Toutefois, depuis le début des années 1980, l’Etat a décidé de mieux rentabiliser ces terres en les louant à des Sociétés de mise en valeur et de développement agricole «SMVDA» qui ont été créées par les banques de développement, à l’instar de la BNDA (actuellement BNA), la BTKD (actuellement BTK), la BTEI (actuellement BTE), la BTQI, la BDET, la STUSID, l’Instance Arabe d’Investissement et de Développement Agricole, etc.

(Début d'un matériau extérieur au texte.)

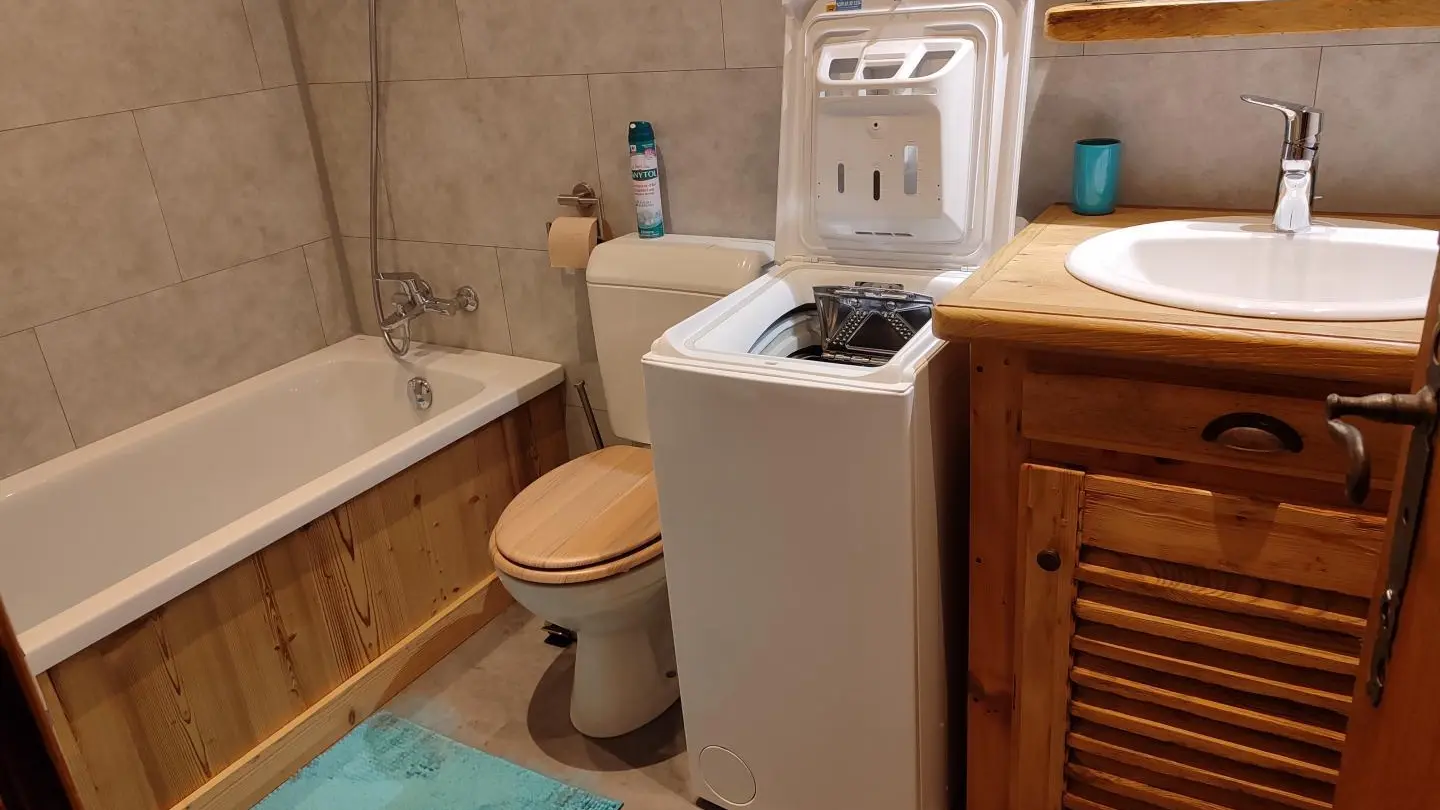 Salle de bain,sa baignoire et son wc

Cette initiative a permis la création de plusieurs sociétés de développement agricole dont on cite notamment la SODAL à Siliana, la SMADEA et ZAMA-BOUZID à Boussalem, la Société d’Elevage Mateur-Jalta, à Mateur, la SFL à Medjez El Bab, la SODEAT à Testour, la société EL AMRA à Borj El Amri, la SODASS et le SODASMA à Kairouan et la SODABEG à Jelma. Ces sociétés ont été créées sur des noyaux d’UCPA souvent groupés sous forme de «mégaprojets» avec des investissements généralement lourds pour promouvoir surtout les secteurs de l’élevage bovin laitier, l’élevage ovin à viande, la céréaliculture et l’arboriculture fruitière.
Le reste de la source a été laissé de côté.